AIM OF THE TASK
Repeat each record exactly. Any picture gets left out.

-------

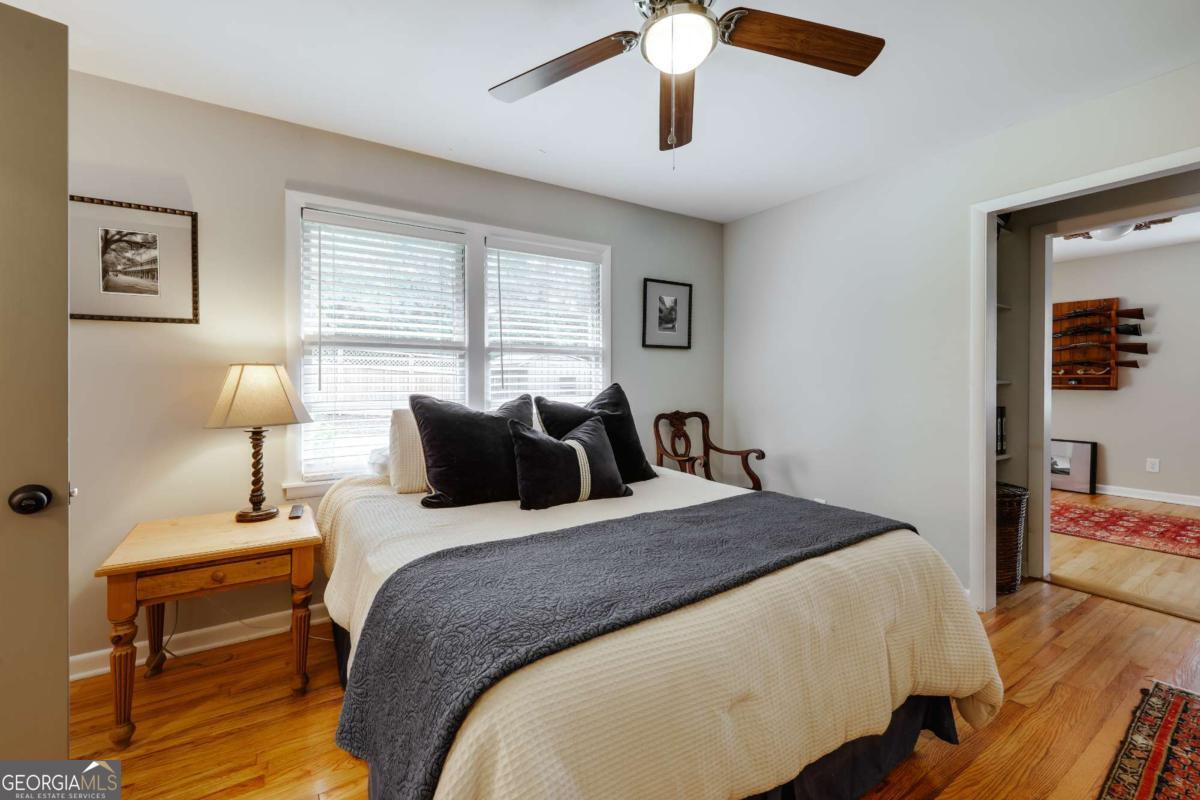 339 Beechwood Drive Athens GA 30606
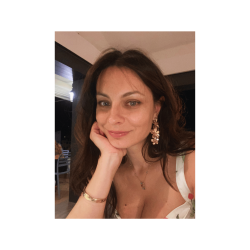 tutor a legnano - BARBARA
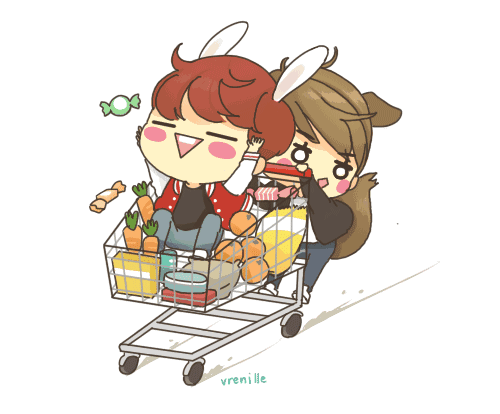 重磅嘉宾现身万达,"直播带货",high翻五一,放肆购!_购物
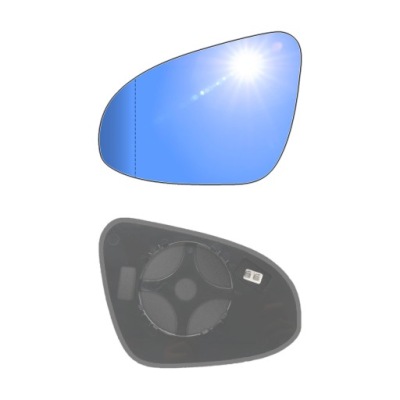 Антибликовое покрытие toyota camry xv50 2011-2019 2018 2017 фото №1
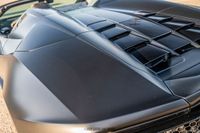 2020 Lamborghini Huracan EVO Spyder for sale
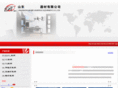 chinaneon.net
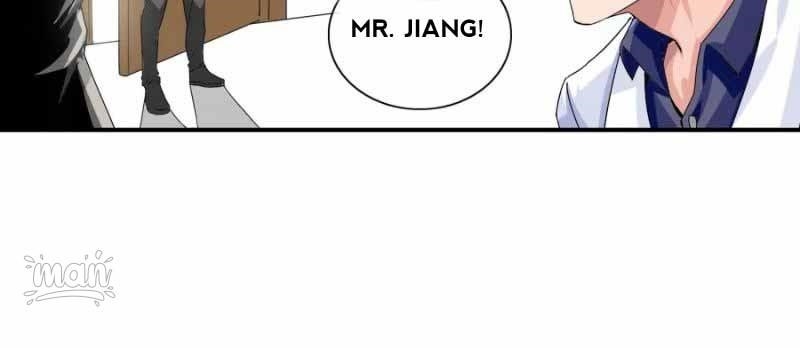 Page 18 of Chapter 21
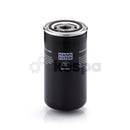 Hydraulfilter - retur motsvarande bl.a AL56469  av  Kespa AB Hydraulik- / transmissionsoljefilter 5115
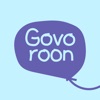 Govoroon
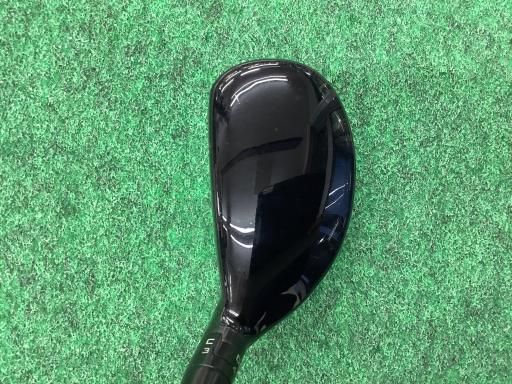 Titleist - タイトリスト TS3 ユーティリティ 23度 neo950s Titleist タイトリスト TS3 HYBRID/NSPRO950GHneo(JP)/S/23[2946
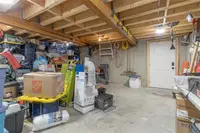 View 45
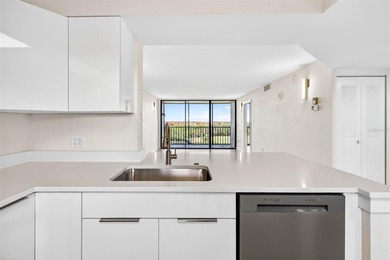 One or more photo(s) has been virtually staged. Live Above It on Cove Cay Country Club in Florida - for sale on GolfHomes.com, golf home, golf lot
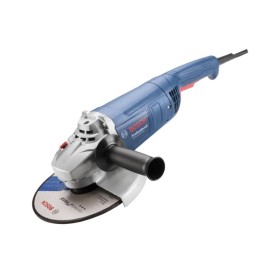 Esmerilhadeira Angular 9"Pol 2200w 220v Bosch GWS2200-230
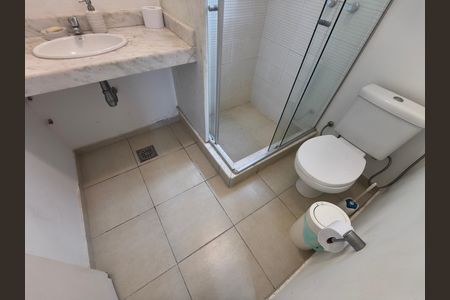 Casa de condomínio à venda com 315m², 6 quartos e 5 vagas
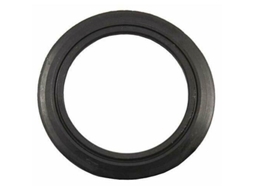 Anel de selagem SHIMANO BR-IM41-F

-------

TASK RESPONSE
 339 Beechwood Drive Athens GA 30606
 tutor a legnano - BARBARA
 重磅嘉宾现身万达,"直播带货",high翻五一,放肆购!_购物
 Антибликовое покрытие toyota camry xv50 2011-2019 2018 2017 фото №1
 2020 Lamborghini Huracan EVO Spyder for sale
 chinaneon.net
 Page 18 of Chapter 21
 Hydraulfilter - retur motsvarande bl.a AL56469  av  Kespa AB Hydraulik- / transmissionsoljefilter 5115
 Govoroon
 Titleist - タイトリスト TS3 ユーティリティ 23度 neo950s Titleist タイトリスト TS3 HYBRID/NSPRO950GHneo(JP)/S/23[2946
 View 45
 One or more photo(s) has been virtually staged. Live Above It on Cove Cay Country Club in Florida - for sale on GolfHomes.com, golf home, golf lot
 Esmerilhadeira Angular 9"Pol 2200w 220v Bosch GWS2200-230
 Casa de condomínio à venda com 315m², 6 quartos e 5 vagas
 Anel de selagem SHIMANO BR-IM41-F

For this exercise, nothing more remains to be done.